SO, YOU'VE BEEN LAID OFF...
NOW WHAT?
Welcome back to Layoff Season Peaceniks. Let’s see what we can do about it.
Last week, Paramount laid off 1,000 employees - with 1,000 more soon to come.
This, despite the value of the company (nearly) doubling since (The Ellison Family’s backroom deal with The White House to fire Colbert in exchange for) the FCC approval of Skydance’s acquisition.
That pink-slip-athon coincided with Amazon’s 14,000 layoffs - which was straight outta Alanis Morissette’s “Ironic,” because in the very next breath, Amazon reported 3Q earnings that beat Wall Street estimates across the board, with net income up 54% year-on-year.
On their earnings call, Amazon’s Andy Jassy CEO-splained that those thousands of firings are, in fact, “not really financially driven” and “not really AI-driven,” but rather the mass career killing was due to (checks notes) “culture.”

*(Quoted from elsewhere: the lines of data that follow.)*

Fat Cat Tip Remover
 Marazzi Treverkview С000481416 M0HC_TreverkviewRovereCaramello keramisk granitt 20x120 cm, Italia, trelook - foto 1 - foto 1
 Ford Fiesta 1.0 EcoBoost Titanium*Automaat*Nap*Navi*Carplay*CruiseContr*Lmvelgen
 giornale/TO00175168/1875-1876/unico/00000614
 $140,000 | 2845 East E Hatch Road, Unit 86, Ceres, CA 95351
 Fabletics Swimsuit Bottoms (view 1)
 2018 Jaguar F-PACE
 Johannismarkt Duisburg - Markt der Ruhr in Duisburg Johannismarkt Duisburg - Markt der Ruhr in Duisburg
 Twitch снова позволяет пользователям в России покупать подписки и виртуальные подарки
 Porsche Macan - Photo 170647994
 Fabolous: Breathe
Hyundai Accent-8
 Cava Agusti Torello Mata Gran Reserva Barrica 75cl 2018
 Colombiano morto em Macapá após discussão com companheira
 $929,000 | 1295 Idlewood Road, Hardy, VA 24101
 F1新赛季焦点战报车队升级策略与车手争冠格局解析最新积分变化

Meanwhile, Warner Bros. Discovery (aka Disco Bros), the dumpster fire that Zaslav built, has splayed itself across a card table on Hollywood Boulevard, in one of the most embarrassing garage sales in Media History. This, after Zas all-but destroyed this once great suite of entertainment brands, costing more than three thousand people their livelihoods.
Nearly 100,000 Media professionals have been laid off since the start of 2022 (40,000 in LA county alone). Another 500,000 jobs have been eliminated in Big Tech.
Unfortunately, countless of those shitcanned these last three years are finding it hard (if not impossible) to reboot their Media careers and find a new normal. That’s because Traditional Media in the midst of a systemic collapse. This is not hyperbole. This is reality. And, mark my words, we are not even close to the end of this horrendous ride.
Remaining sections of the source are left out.